A trip to the fromagerie

On Wednesday, May 25th we visited a Fromagerie for a cheese tasting in Paris! It was a very different experience for me since I am not a fan of cheese. Personally, I like to avoid cheese in all I eat if possible, but I am glad I got to try different kinds of cheese because it was a great experience. We played lots of games and tried 5 different kinds of cheese. We tried the camembert, goat’s cheese, and other cheese made from goat’s milk, cow’s milk, and sheep’s milk.

The 5 kinds of cheese the fromagerie provided us with to taste. The 1st number is the mildest while the 5th has the strongest taste and flavor.

Connecting it back to the NBB class, we did learn that cheese has an attenuating effect on the stress response, although I found a different article that talks about the response of the brain to cheese. The article talks about how cheese like many other dairy products contains casein, and sometimes casomorphins. These substances trigger the same pathways as opiate drugs do. This is very interesting and may shed more light on the addictive properties of cheese and the obesity risk due to highly salted cheese. This can be also linked to neuroethics and discussion of how companies use this knowledge to sell cheese “that you can’t stop eating”.

https://www.forbes.com/sites/michaelpellmanrowland/2017/06/26/cheese-addiction/?sh=328e613a3583

Nothing shall come betwix my chocolate and I.

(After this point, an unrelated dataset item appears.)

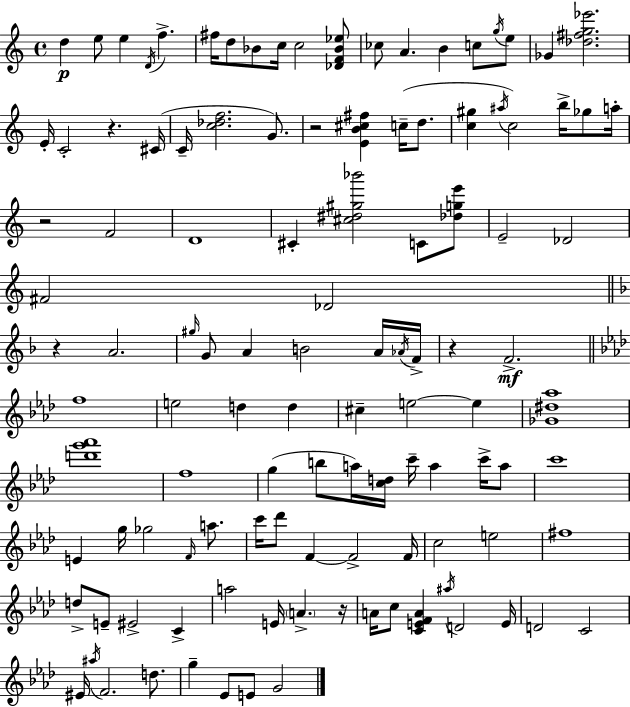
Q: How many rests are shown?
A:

On Monday, May 30th we took a class visit to Choco Story-a chocolate museum. This was the most exciting visit for me because I love chocolate enough to be able to survive on only chocolate for the rest of my life!

The visit started with all of us participating in a chocolate workshop. We went down to the basement and saw amazing chocolate sculpture artworks outside the workshop. The huge Eiffel tower sculpture gave me a kick start for the workshop. We began by learning how to cover various foods in melted chocolate including candied orange strips, marshmallows, and chocolate fudge. We could either dip the in dark chocolate, milk chocolate, or white chocolate. I learned that if the chocolate isn’t churned well enough and melted at the right temperature, it will solidify very easily and turn into a huge chunk of chocolate rock. I had always tried chocolates that included orange peels but had not tried fresh orange peels in fresh dark chocolate and it was the best thing ever! I even got the market the chef got the peels from and got some more from there later.

 

The Huge Eiffel tower chocolate art sculpture. Completely edible!
The various types of food given to us to cover in chocolate. A fork was given for easier dipping. Included: Candied orange strips, marshmallows, and fudge blocks.

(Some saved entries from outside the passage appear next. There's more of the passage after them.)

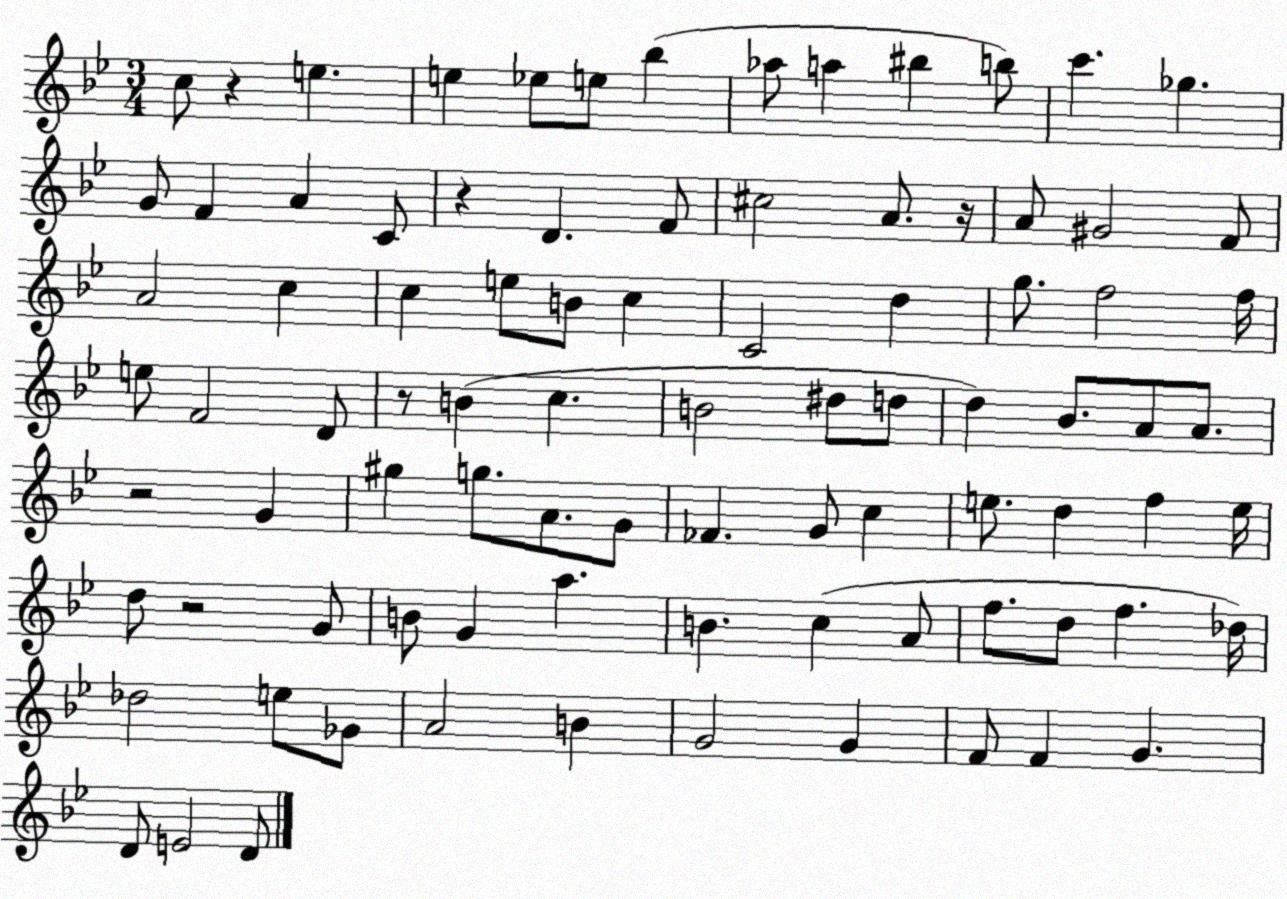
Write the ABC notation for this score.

X:1
T:Untitled
M:3/4
L:1/4
K:Bb
c/2 z e e _e/2 e/2 _b _a/2 a ^b b/2 c' _g G/2 F A C/2 z D F/2 ^c2 A/2 z/4 A/2 ^G2 F/2 A2 c c e/2 B/2 c C2 d g/2 f2 f/4 e/2 F2 D/2 z/2 B c B2 ^d/2 d/2 d _B/2 A/2 A/2 z2 G ^g g/2 A/2 G/2 _F G/2 c e/2 d f e/4 d/2 z2 G/2 B/2 G a B c A/2 f/2 d/2 f _d/4 _d2 e/2 _G/2 A2 B G2 G F/2 F G D/2 E2 D/2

After learning how to coat them with chocolate, we made our own chocolate bars. This was the most fun part of the visit because it was a great way to learn from the chef how we can incorporate beautiful designs into chocolate. The chef made musical notes on the chocolate bar and it was a moment of “Wow!” (Picture below). Then we took a tour of the museum at our own pace to end the visit.

The chocolate bars the chef made to show us how to make various kinds of designs. The best one is the representation of musical notes on the far right.

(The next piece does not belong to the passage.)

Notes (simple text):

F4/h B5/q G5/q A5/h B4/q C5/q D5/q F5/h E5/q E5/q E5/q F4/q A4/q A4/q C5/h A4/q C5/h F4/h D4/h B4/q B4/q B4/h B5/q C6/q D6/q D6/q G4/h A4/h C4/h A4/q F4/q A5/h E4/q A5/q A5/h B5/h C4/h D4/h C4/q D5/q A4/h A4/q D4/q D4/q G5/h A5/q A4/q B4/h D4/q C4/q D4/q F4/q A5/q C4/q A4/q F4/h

Chocolate, as I learned from Socci et al.’s literary review, has been known to already enhance cognitive abilities and cocoa flavonoids- present in all cocoa products produce a neuroprotective effect. The main sub-class of flavanoids that are known to reduce the rate of age-related cognitive decline are flavanols. These flavanols and to an extent all cocoa-driven products are known to sustain cognitive abilities such as executive functions, attention, and memory. Ongoing studies are also showing the ability of dose-dependent cocoa products to provide for better working memory and fluid intelligence. Further, recent studies and their conclusions are describing chocolate and cocoa products to be neutraceutical. A neutraceutical is a substance present in a food or group of foods generally that has health and cognitive benefits that could include treatment or prevention of disease. 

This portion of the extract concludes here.